**Input material**
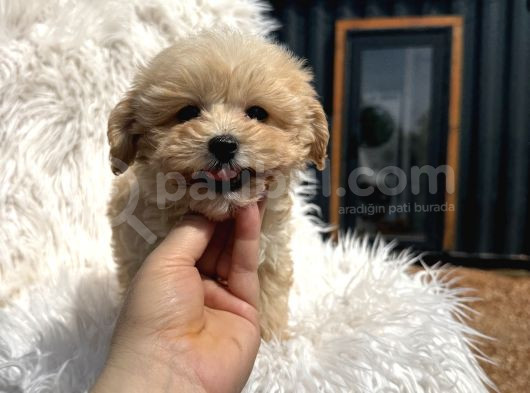 Teacup Maltipoo görsel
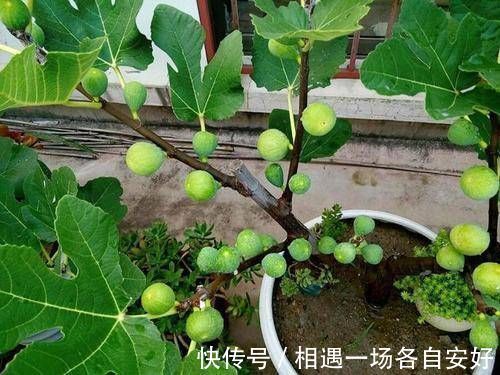 苹果树|阳台再小,也要养4种果树,植株矮小,结果颇多,还能当盆栽欣赏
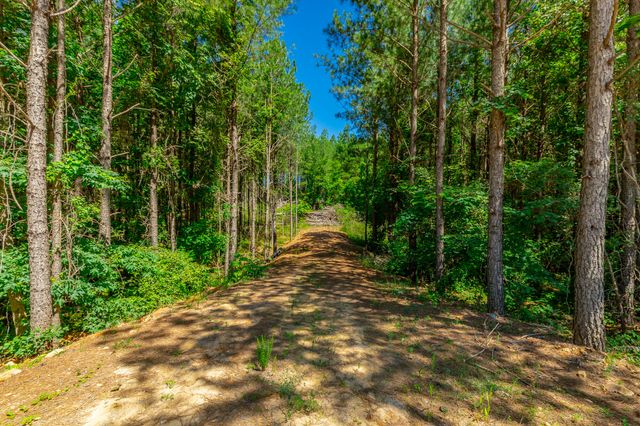 1163 Split Rail Way, Guild, TN 37340
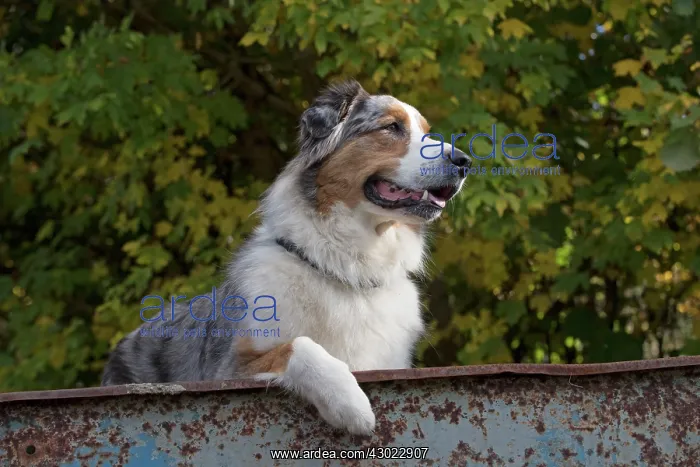 : Dog Australian Shepherd : Dog Australian Shepherd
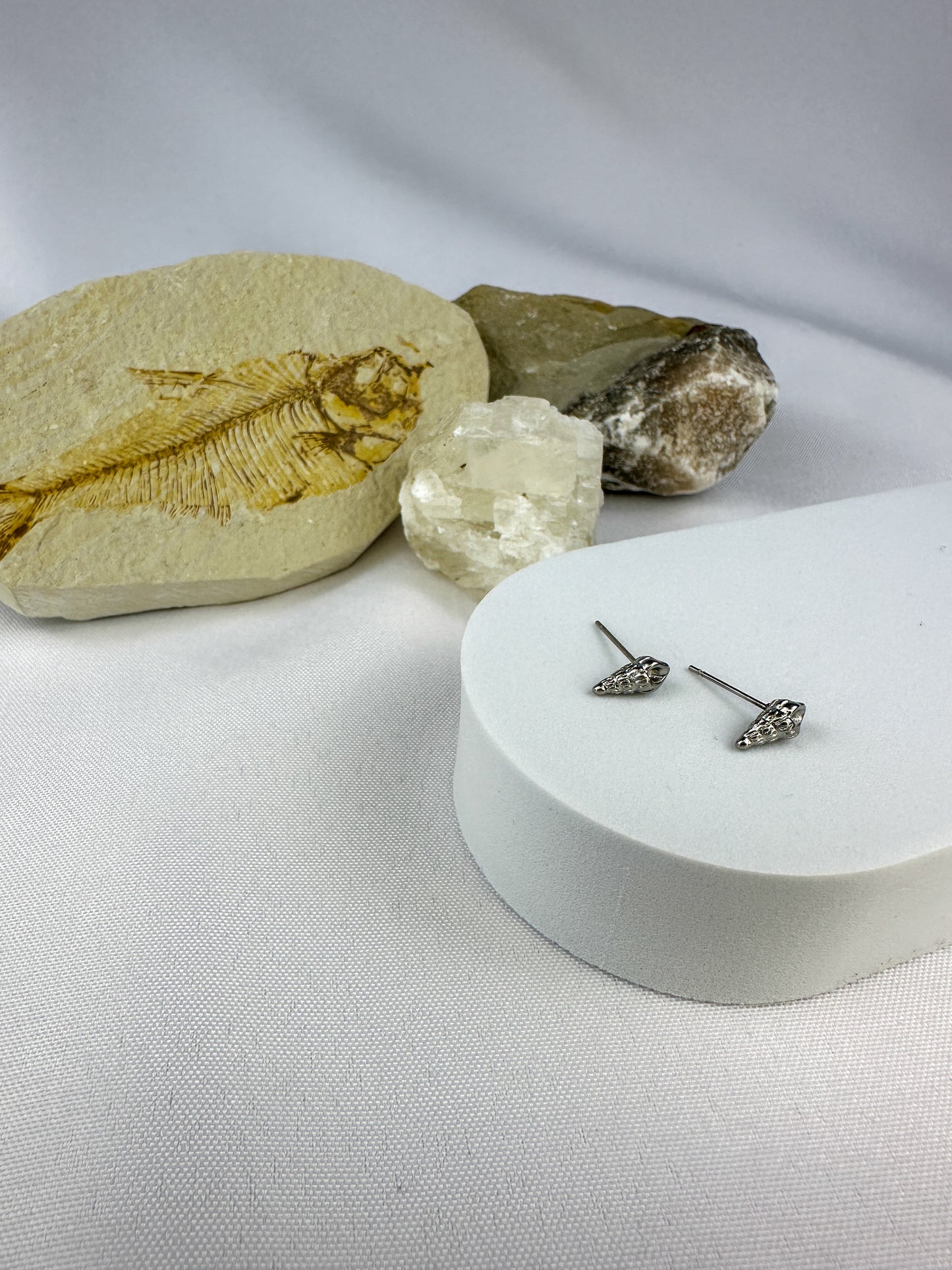 Seashell Stud Earrings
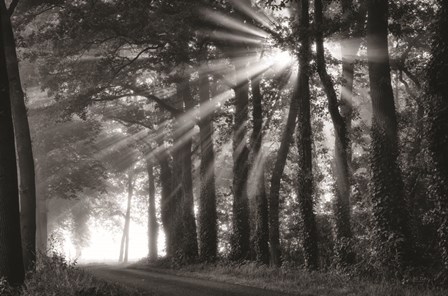 Amazing Rays by Martin Podt art print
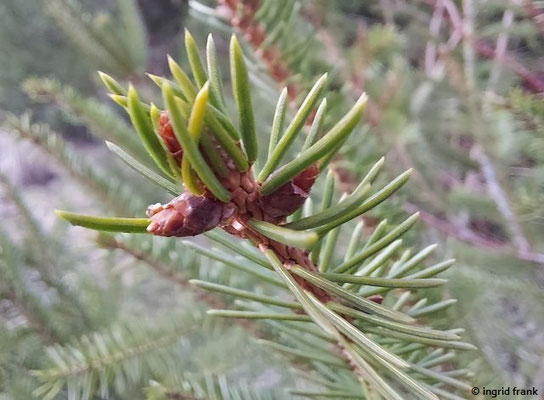 03.03.2026: Picea abies / Fichte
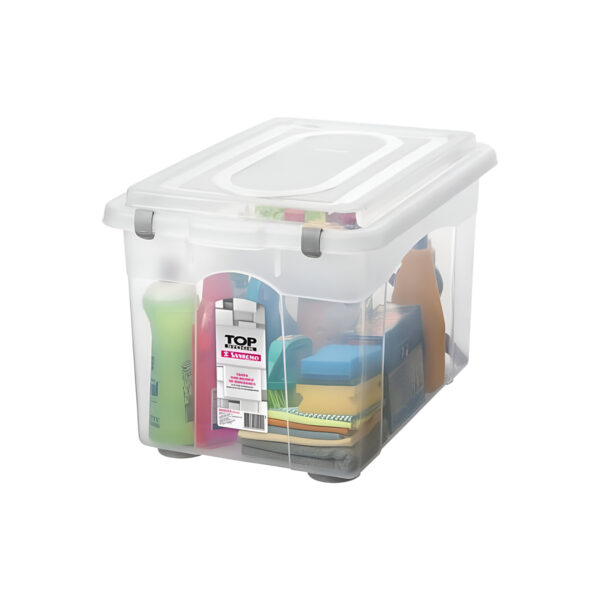 Organizador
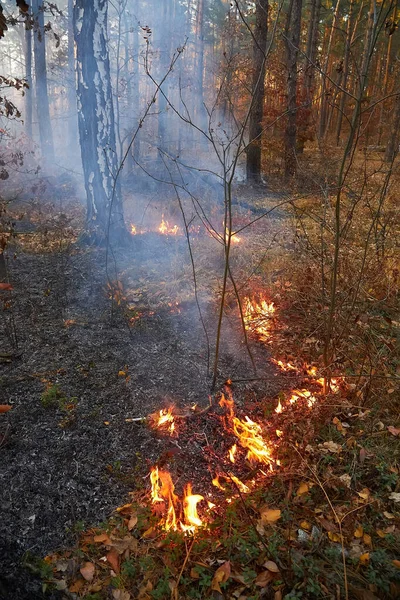 森林大火熊熊燃烧 野火在白天接近 — 图库照片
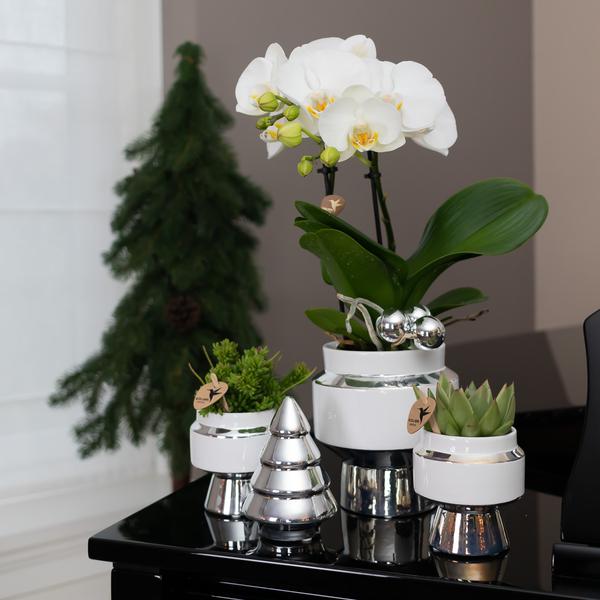 Kolibri Home | Le Chic bloempot - Witte keramieken sierpot met zilveren details - Ø6cm  BotanicBridge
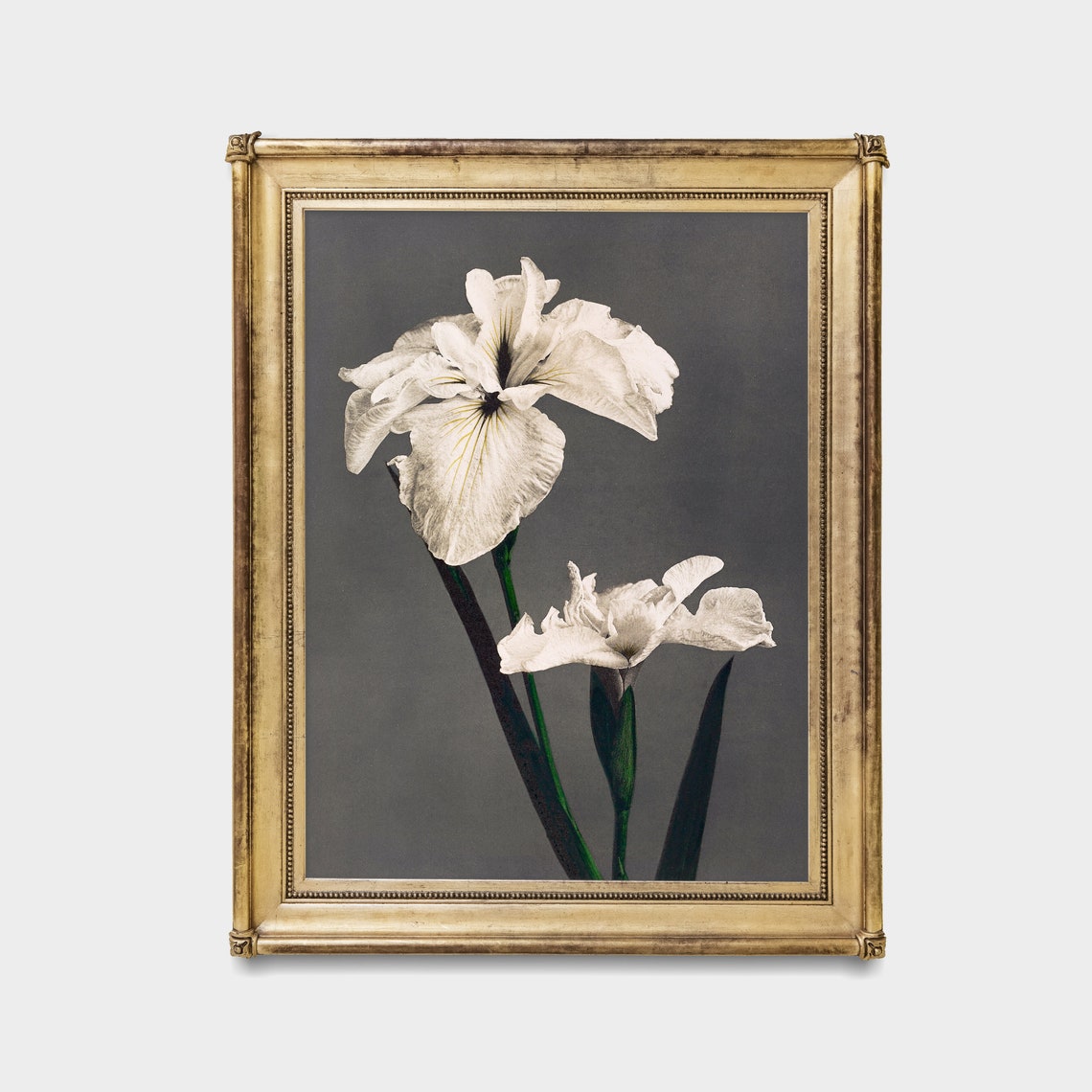 White Iris Flowers Against a Dark Background Vintage Botanical Poster - Image 4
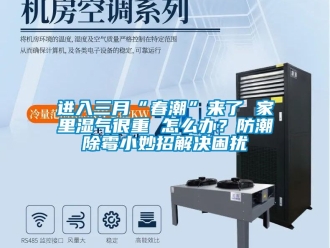 常見問題進入三月“春潮”來了 家里濕氣很重 怎么辦？防潮除霉小妙招解決困擾
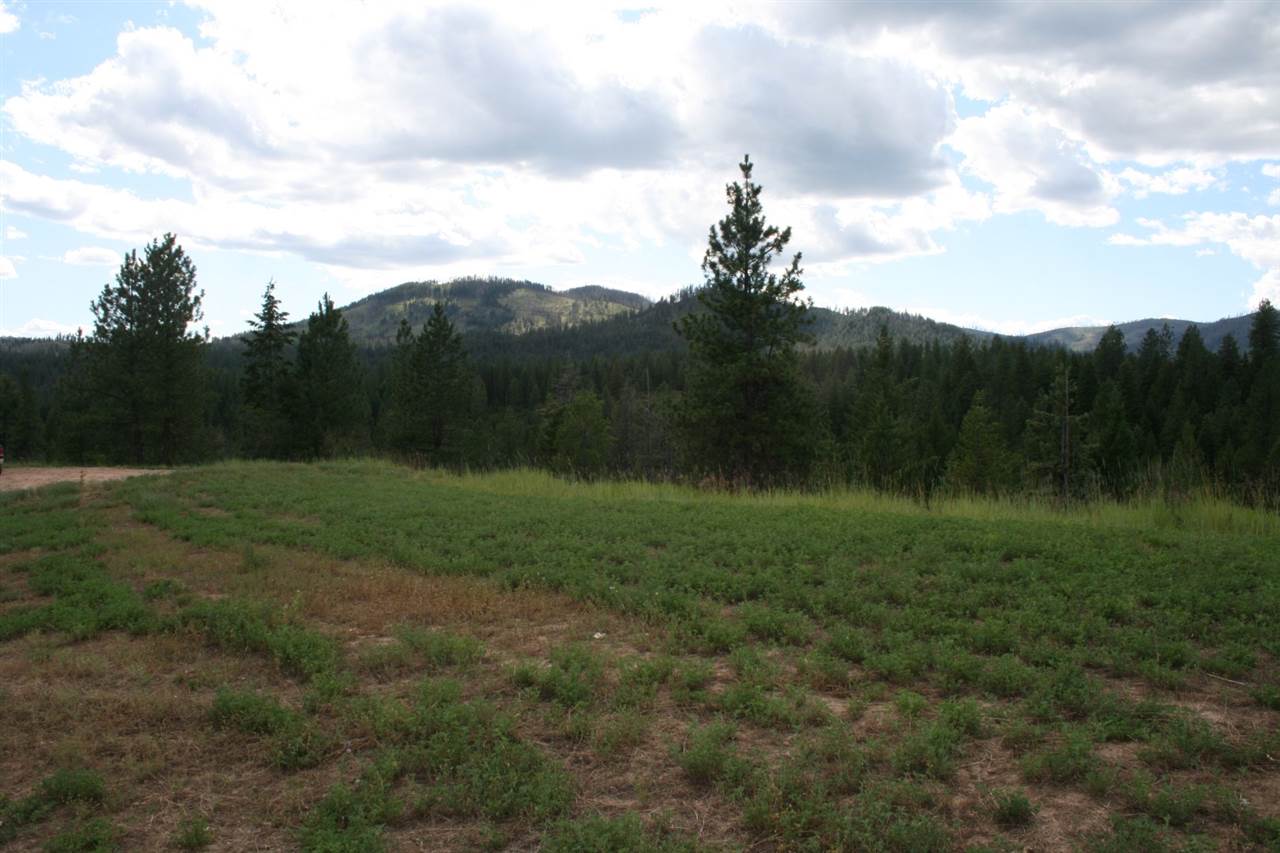 0 Olinger Road, Unit LOT F Springdale, WA 99173 - Photo 10 of 10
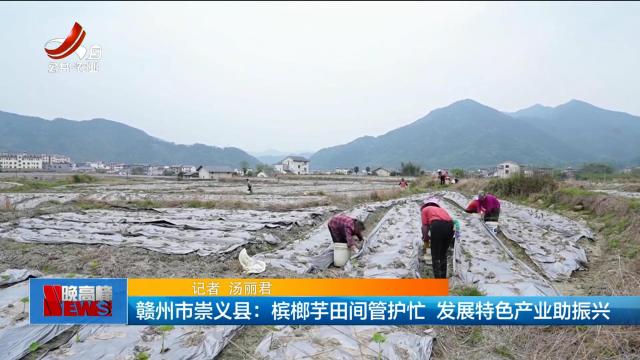 赣州市崇义县：槟榔芋田间管护忙 发展特色产业助振兴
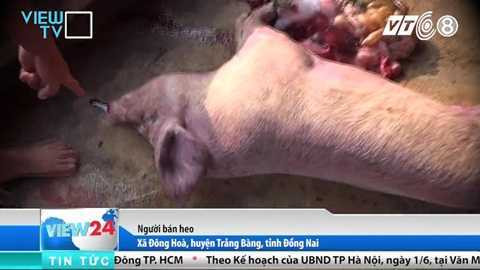 tham-nhap-lo-giet-mo-heo-banduong day mua ban heo chet dong nai_5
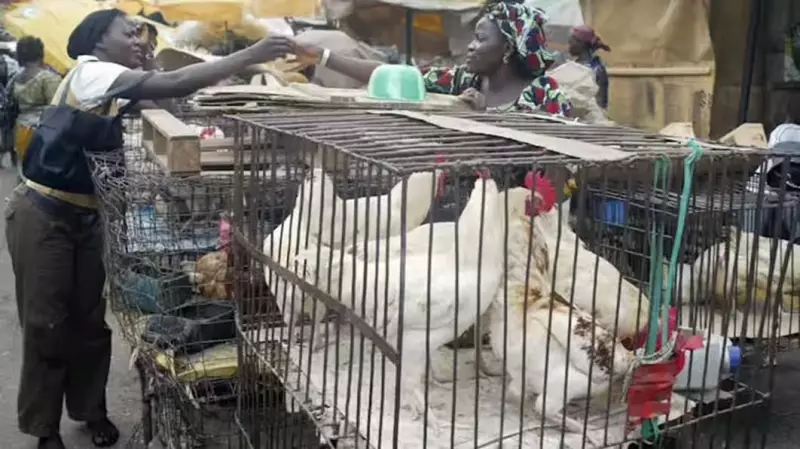 Nigeria's Poultry Crisis: Chickens Plentiful, Buyers Scarce This Christmas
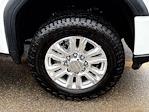 2020 GMC Sierra 3500 Crew Cab 4WD Pickup for sale #B260073A - photo 11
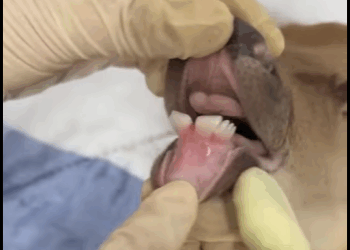 R1411002 Rescate de ciervos (Parte 2)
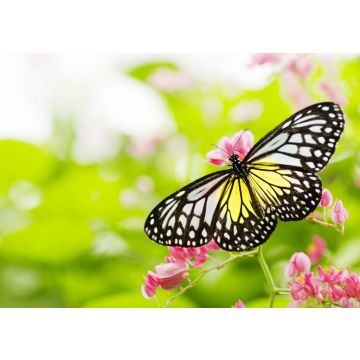 Lais Puzzle - Schmetterling auf einer Blume - 100, 200, 500 & 1.000 Teile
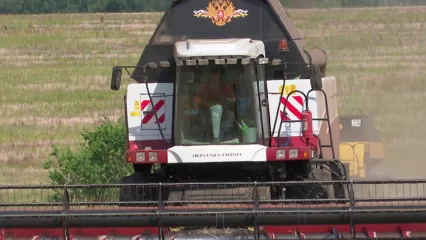 В Нижнекамском районе ежедневно 55 комбайнов убирают зерновые культуры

**Problem**
From the material above, write out exactly the lines from the line with "1163 Split Rail Way, Guild, TN 37340" through the closing line, inclusive, and no pictures.

**Answer space**
 1163 Split Rail Way, Guild, TN 37340
 : Dog Australian Shepherd : Dog Australian Shepherd
 Seashell Stud Earrings
 Amazing Rays by Martin Podt art print
 03.03.2026: Picea abies / Fichte
 Organizador
 森林大火熊熊燃烧 野火在白天接近 — 图库照片
 Kolibri Home | Le Chic bloempot - Witte keramieken sierpot met zilveren details - Ø6cm  BotanicBridge
 White Iris Flowers Against a Dark Background Vintage Botanical Poster - Image 4
 常見問題進入三月“春潮”來了 家里濕氣很重 怎么辦？防潮除霉小妙招解決困擾
 0 Olinger Road, Unit LOT F Springdale, WA 99173 - Photo 10 of 10
 赣州市崇义县：槟榔芋田间管护忙 发展特色产业助振兴
 tham-nhap-lo-giet-mo-heo-banduong day mua ban heo chet dong nai_5
 Nigeria's Poultry Crisis: Chickens Plentiful, Buyers Scarce This Christmas
 2020 GMC Sierra 3500 Crew Cab 4WD Pickup for sale #B260073A - photo 11
 R1411002 Rescate de ciervos (Parte 2)
 Lais Puzzle - Schmetterling auf einer Blume - 100, 200, 500 & 1.000 Teile
 В Нижнекамском районе ежедневно 55 комбайнов убирают зерновые культуры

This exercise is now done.